Ever since I can remember, I have been sensitive. Got my feelings hurt easily or felt the pain and discomfort of others. Sometimes it has been a positive experience. I almost always well up with tears at the blessings of others….or the hurt.
This morning in the bath, I began daydreaming about my youth. So much has changed as things do when one grows up. When thinking back, I can’t help but think of my mother. I lost her at 21, just over 20 years ago. But even before the trauma of her passing, I felt a kind of difficulty with living. I felt weighed down by life and caught up in all its strife.
As I realized the huge shifts I have made in my life, I began praying…right there in the sanctuary of my tub. I asked the Divine Messenger to send word to my mother. I really wanted her to know that I was happy and content. I wanted her to understand that I didn’t know then how to be less weighed down and less caught up but that the woman I am now kinda gets it.
Life is easier. (If you could see inside my spirit, you would notice a lightness about me that has not been there for as long as I have known myself.) I wanted to say those things to my mother because I wanted her to know that there is peace in my life. I needed her to be a part of that too. I shared so much pain with her…so much struggle for power….I couldn’t help but want to share the joy of my life with her.
Today, I am actively turning over control in situations where I might have had to nit pick before. And somehow that makes others feelings less intense. I still have supreme empathy skills, but I don’t have to become another’s emotions, I simply witness them. And today I understand that to be a much more valuable gift.

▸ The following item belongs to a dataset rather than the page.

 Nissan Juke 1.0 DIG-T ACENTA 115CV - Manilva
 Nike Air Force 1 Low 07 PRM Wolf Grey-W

Jamie Ridler asks, as her Wishcasting Wednesday prompt: How do you wish to soar?
I say, with peace, free from the bindings of a life dedicated to the big struggle. I wish to soar with increasing ease. I wish to soar mindlessly….as if soaring were my nature, rather than wrestling with the weight of the earth. And truthful, I don’t care HOW I soar just as long as I do soar…because for so long I didn’t count soaring as an option. But today, I claim the soar-er in me and release the groundling from her duty. Go little Ravensister. Take your broad, black wings a FLY!!! …fly HIGH!!!